Legal battles and financial maneuvers continue to shape the landscape. The latest developments involve Celsius, a bankrupt crypto lender, taking aim at several prominent players in the industry through a series of lawsuits. These legal actions are part of Celsius’ efforts to recover funds for its creditors, targeting companies ranging from stablecoin giant Tether to decentralized finance (DeFi) protocols like Badger DAO and Compound.
Celsius vs. Tether: A $2.4 Billion Bitcoin Dispute
The most significant lawsuit filed by Celsius targets Tether, the issuer of the world’s largest stablecoin. At the heart of this legal battle is a staggering 39,542 bitcoin, valued at over $2.4 billion at current market prices. Celsius claims this bitcoin was collateral for loans it had taken from Tether.

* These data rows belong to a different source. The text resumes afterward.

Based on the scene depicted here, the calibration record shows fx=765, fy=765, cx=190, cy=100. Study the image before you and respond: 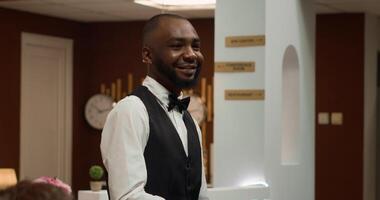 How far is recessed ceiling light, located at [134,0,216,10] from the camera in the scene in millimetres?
7047

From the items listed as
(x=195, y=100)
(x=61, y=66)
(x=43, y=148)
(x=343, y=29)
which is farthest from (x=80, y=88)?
(x=343, y=29)

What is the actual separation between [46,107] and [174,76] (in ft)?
20.9

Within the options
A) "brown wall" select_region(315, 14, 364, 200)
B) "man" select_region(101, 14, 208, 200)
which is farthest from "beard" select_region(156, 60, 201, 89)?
"brown wall" select_region(315, 14, 364, 200)

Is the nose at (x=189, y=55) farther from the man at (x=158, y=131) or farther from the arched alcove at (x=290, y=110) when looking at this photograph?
the arched alcove at (x=290, y=110)

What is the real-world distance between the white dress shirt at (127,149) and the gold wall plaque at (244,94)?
2.76 m

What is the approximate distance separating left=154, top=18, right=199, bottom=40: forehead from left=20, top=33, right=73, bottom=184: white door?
19.2ft

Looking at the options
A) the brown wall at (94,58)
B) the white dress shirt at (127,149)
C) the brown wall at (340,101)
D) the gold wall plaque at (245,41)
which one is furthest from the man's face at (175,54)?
the brown wall at (94,58)

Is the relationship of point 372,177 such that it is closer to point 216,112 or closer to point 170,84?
point 216,112

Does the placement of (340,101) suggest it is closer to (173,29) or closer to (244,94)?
(244,94)

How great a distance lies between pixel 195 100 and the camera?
8102mm

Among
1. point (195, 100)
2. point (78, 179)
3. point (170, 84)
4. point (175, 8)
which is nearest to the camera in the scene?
point (170, 84)

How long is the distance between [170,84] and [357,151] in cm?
567

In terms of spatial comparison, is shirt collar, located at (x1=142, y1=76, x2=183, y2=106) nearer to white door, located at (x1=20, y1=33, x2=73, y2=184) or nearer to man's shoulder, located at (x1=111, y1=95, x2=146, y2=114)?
man's shoulder, located at (x1=111, y1=95, x2=146, y2=114)

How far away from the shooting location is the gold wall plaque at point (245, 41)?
4832 mm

The Liquidation Controversy
- Celsius alleges Tether improperly liquidated the collateral during the market downturn
- The lawsuit argues Tether didn’t give Celsius the full contractually mandated time to meet collateral demands
- Tether reportedly sold the bitcoin at an average price of $20,656.88, below the market low at the time
Tether’s Response
Tether has vehemently denied any wrongdoing, describing the lawsuit as “baseless” and “bullying.” The company’s CEO, Paolo Ardoino, expressed confidence in their contract and actions, hinting at potential flaws in Celsius’ filing.

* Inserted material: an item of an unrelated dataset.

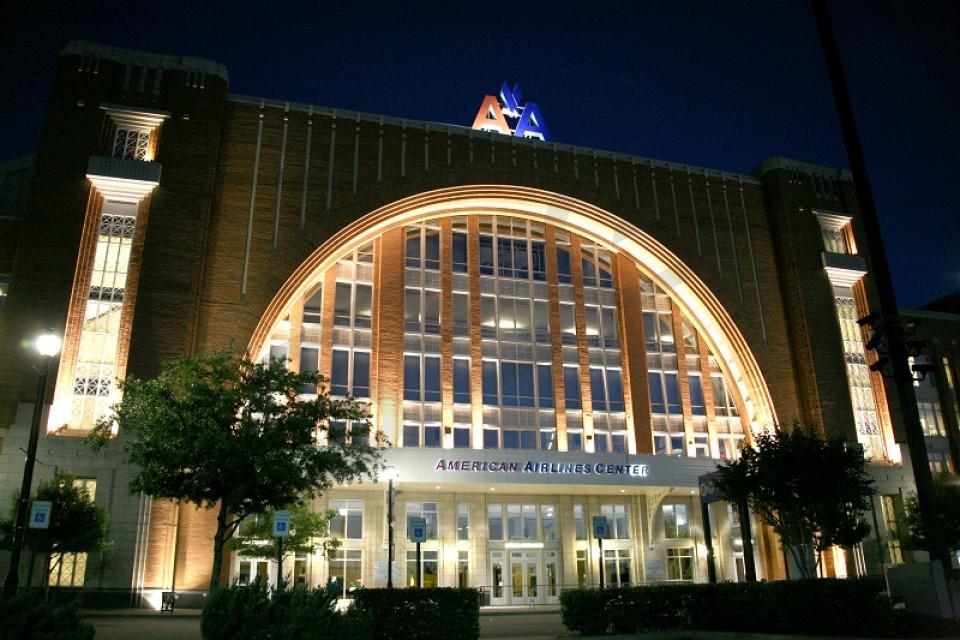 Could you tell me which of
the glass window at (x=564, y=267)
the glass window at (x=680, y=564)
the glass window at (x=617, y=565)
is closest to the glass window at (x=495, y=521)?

In 2022, Tether made available USDt to some of its customers – including Celsius. Tether's arrangements with customers are very simple: Tether provides USDt to selected customers who provide an overcollateralization in Bitcoin.
If the price of bitcoin (the collateral) falls… https://t.co/UuEs1ig8zr
— Paolo Ardoino 🤖🍐 (@paoloardoino) August 10, 2024
Other High-Profile Targets
Celsius isn’t stopping with Tether. The crypto lender has cast a wide net, filing lawsuits against several other prominent entities in the crypto space.
Bancor DAO and the Netanyahu Connection
One intriguing lawsuit targets Bancor DAO, a decentralized exchange protocol. Notably, two of the defendants are Galia and Guy Ben-Artzi, niece and nephew of Israeli Prime Minister Benjamin Netanyahu. The lawsuit alleges:
- Bancor’s impermanent loss protection mechanism was flawed from the start
- The protocol’s fees were insufficient to cover the cost of protection for all liquidity providers
- Celsius lost approximately 6,540 ETH (worth about $17 million at current prices) due to Bancor’s actions
Badger DAO and the $120 Million Hack
Celsius is also pursuing legal action against Badger DAO related to a $120 million exploit in December 2021. The lawsuit claims:
- Badger DAO’s founder, Christopher Spadafora, touted the protocol’s security despite vulnerabilities
- Cloudflare, a service provider, is accused of lacking reasonable safeguards
- Celsius allegedly lost more than $50 million in bitcoin due to the hack
Compound Labs and the Oracle Incident
Another lawsuit targets Compound Labs, the company behind Compound Finance, over a liquidation event caused by an oracle-related issue. Celsius argues:
- A spike in the price of DAI on Coinbase Pro led to massive liquidations
- Compound’s reliance on a single oracle source contradicted their whitepaper claims
- The incident resulted in Celsius losing over 50,000 ETH
The Road Ahead
As these lawsuits unfold, the crypto industry watches with bated breath. The outcomes could have far-reaching implications for how DeFi protocols handle user funds and how centralized entities interact with decentralized systems. While Celsius has already settled some disputes, such as with KeyFi founder Jason Stone, these new legal battles promise to keep the crypto world on its toes for the foreseeable future.